● What is needed
A stretch of the entries below is to be set down exactly, running from the line with "Appartement 2 pièces 43 m²" through the line with "Задняя панель RENAULT Duster", both included, and no other line.

● Task inputs
***
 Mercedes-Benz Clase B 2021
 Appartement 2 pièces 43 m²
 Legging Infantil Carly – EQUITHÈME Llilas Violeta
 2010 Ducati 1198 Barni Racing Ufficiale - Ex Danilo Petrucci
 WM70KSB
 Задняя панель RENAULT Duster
***
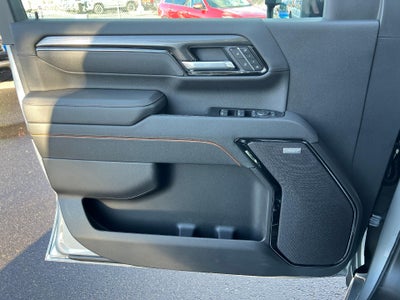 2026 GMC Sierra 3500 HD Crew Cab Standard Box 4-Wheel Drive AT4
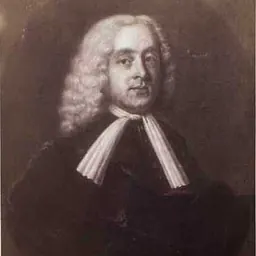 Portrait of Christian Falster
***
● Answer box
 Appartement 2 pièces 43 m²
 Legging Infantil Carly – EQUITHÈME Llilas Violeta
 2010 Ducati 1198 Barni Racing Ufficiale - Ex Danilo Petrucci
 WM70KSB
 Задняя панель RENAULT Duster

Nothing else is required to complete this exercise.